One binary. One port. Full OpenAI-compatible API — chat completions, embeddings, reasoning, tool use, vision, streaming, prompt caching — all backed by Amazon Bedrock.
POST /v1/chat/completions → Bedrock Converse API (Claude, Nova, Llama, Mistral, DeepSeek…)

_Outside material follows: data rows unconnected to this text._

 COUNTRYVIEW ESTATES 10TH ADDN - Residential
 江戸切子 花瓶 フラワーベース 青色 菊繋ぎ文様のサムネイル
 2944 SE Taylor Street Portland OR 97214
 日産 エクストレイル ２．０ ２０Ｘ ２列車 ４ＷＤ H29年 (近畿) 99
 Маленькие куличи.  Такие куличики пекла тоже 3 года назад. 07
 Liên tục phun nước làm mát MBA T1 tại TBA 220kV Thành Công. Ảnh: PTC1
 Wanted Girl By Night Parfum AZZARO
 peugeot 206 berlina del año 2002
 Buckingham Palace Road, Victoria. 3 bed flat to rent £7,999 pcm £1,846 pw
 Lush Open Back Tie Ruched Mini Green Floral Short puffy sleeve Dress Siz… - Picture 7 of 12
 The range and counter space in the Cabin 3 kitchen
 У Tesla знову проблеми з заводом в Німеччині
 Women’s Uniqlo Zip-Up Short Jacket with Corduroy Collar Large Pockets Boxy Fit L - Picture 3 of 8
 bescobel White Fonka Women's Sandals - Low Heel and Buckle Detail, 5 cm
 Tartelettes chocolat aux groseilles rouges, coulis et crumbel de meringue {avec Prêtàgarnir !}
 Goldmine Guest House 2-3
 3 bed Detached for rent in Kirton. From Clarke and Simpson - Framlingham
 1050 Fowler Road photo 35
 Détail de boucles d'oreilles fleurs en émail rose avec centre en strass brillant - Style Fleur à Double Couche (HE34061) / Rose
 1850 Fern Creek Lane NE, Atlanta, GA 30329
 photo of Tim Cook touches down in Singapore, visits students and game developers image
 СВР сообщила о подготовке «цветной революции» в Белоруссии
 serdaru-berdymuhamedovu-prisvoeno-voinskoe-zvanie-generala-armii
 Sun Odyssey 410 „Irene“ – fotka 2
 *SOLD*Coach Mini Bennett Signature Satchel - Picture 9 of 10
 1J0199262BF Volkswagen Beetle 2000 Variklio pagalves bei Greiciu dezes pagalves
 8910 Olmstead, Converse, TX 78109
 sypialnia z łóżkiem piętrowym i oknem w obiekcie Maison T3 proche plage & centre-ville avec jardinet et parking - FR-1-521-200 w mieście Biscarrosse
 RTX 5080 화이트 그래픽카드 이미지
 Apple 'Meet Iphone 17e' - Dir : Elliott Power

POST /v1/embeddings → Bedrock InvokeModel (Titan Embed, Cohere Embed v3/v4, Nova Embed v2)
GET /v1/models → Lists foundation models
GET / → Health check
# 1. Install
curl -fsSL https://github.com/inceptionstack/bedrockify/releases/latest/download/install.sh | bash
# 2. Run as daemon (chat + embeddings on port 8090)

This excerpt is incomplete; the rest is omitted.